Nevertheless, a Rite Aid-Walgreens deal could have a number of positive impacts on the combined company. Synergies in various areas of their businesses could produce considerable savings on expenses, and a larger company could be able to handle compliance and regulatory requirements from various healthcare laws, especially those connected with the Affordable Care Act.
Indeed, other parts of the healthcare sector have already seen considerable amounts of consolidation. Pharmacy benefits management companies have gotten a lot of attention both from drugstore chains like CVS and Rite Aid and from other industry players like health insurance companies. Health insurers themselves have also gotten into the mergers and acquisitions act, as the potential gains from consolidation in simplifying operations have become increasingly clear in light of the ACA and its requirements. In anticipating potential cuts in reimbursements and other payments from federal healthcare programs, deals like a Rite Aid-Walgreens merger can help build bargaining power that will become even more important in the future.
Will a deal go through?
Antitrust regulators will have to approve a merger between Walgreens and Rite Aid, and there will be obvious obstacles. Probably the biggest question that regulators will have to answer is whether they are comfortable with the idea of having two major drugstores in the U.S. market. On one hand, creating a duopoly doesn't seem to be consistent with the stances that the Federal Trade Commission has taken in the past in other industries. Yet with major broad-line retailers, grocery store chains, and other outlets boasting pharmacy operations of their own, one interpretation of antitrust law would suggest that combining Rite Aid and Walgreen wouldn't necessarily have a chilling effect on competition overall.

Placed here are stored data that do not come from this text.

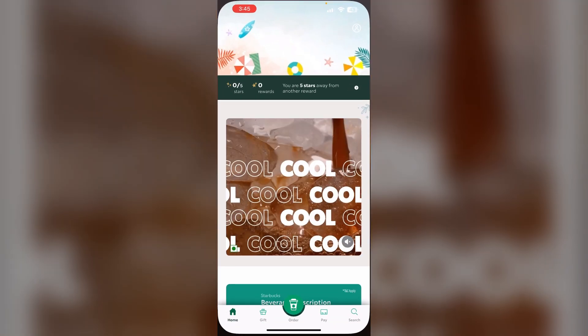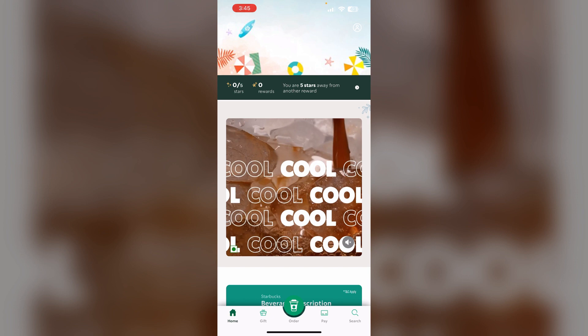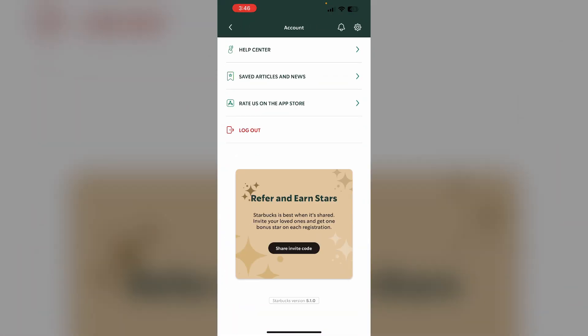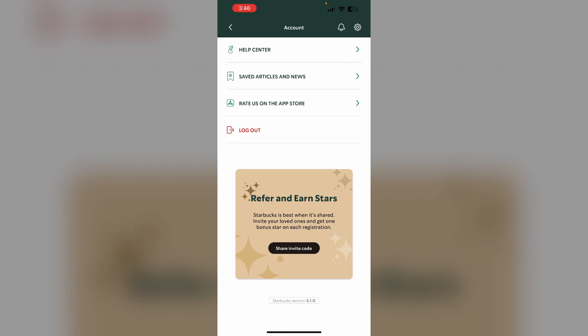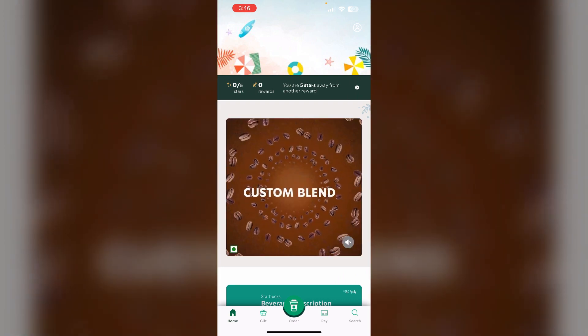Step two: log out of the app. Most of the time, a simple logging out and logging back in will help you fix this issue. To do that, go to the profile section on the top right corner, scroll down till you see the logout option, click on it, wait for a few minutes, and log back in.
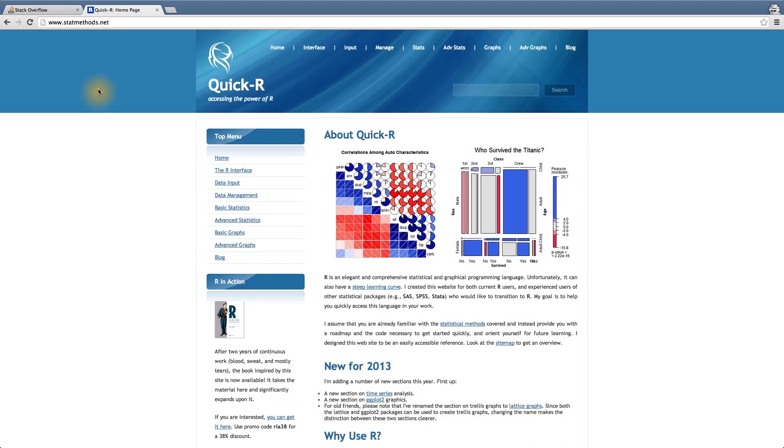One of my personal favorites when I learned R was QuickR, or statmethods.net. This site has excellent examples and short pieces of code that can refresh your memory and get you going on any data analysis.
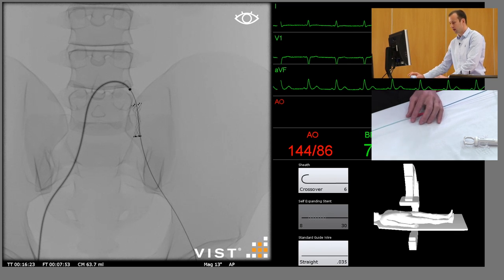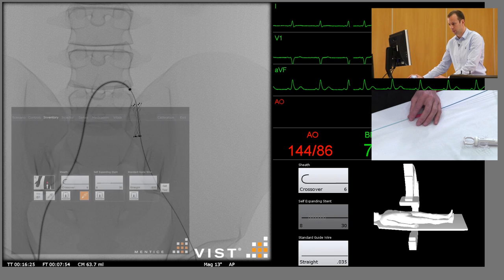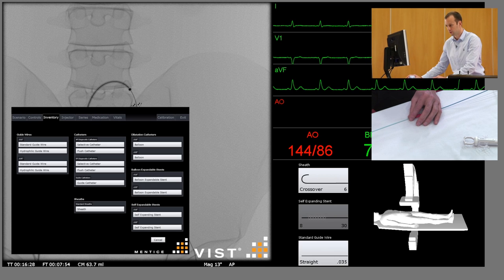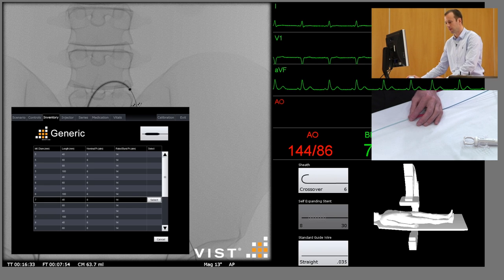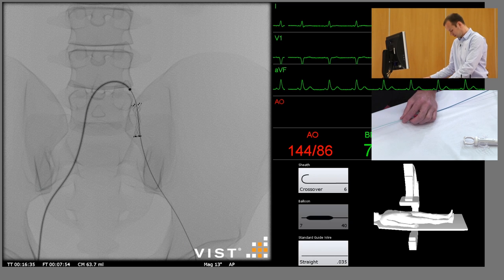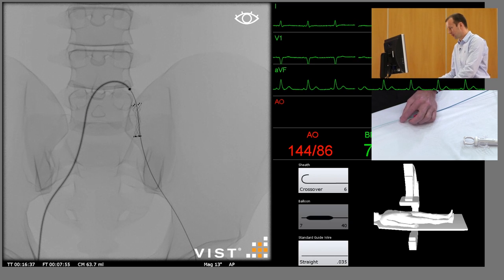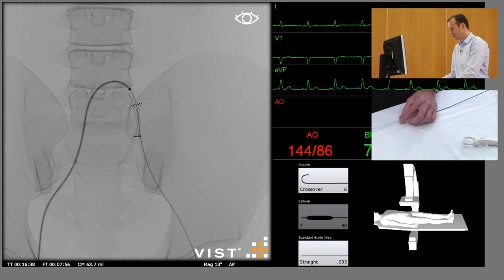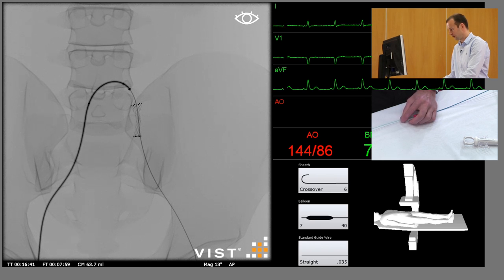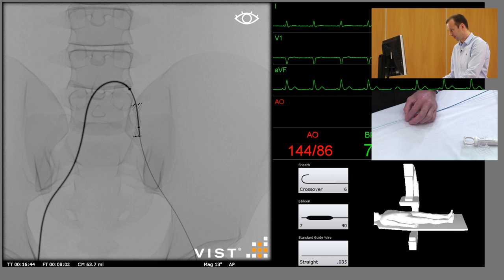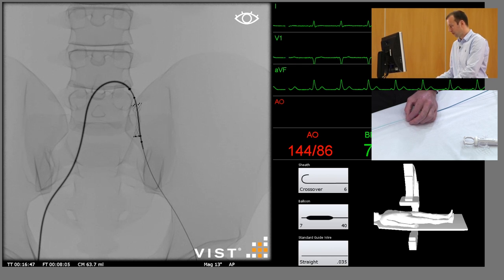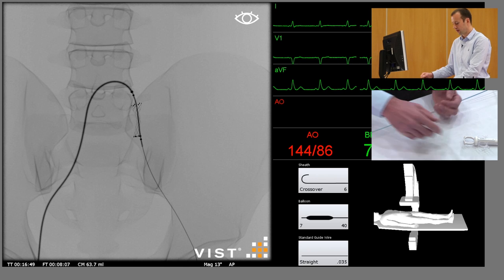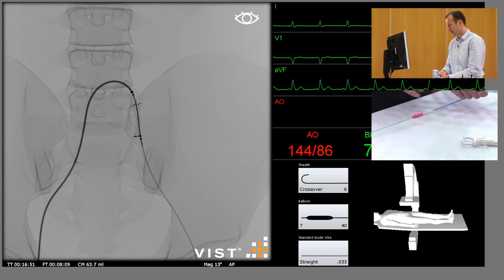So we remove the stent delivery system and we'll insert a balloon. The correct size is a 7mm balloon. Generally we use 1mm smaller than the stent size, or the stent is sized 1mm greater than the vessel size. Insert the balloon across the lesion.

All in all, if a Rite Aid deal happens, it will mark a fitting end for investors who stuck it out through the tough times in 2008. Moreover, given some of the uncertainties that the smaller drugstore chain faces with continuing debt challenges and other obstacles to unfettered growth, Rite Aid might well appreciate the chance to join forces with one of its two larger rivals rather than having to come up with ways to catch up with both of them.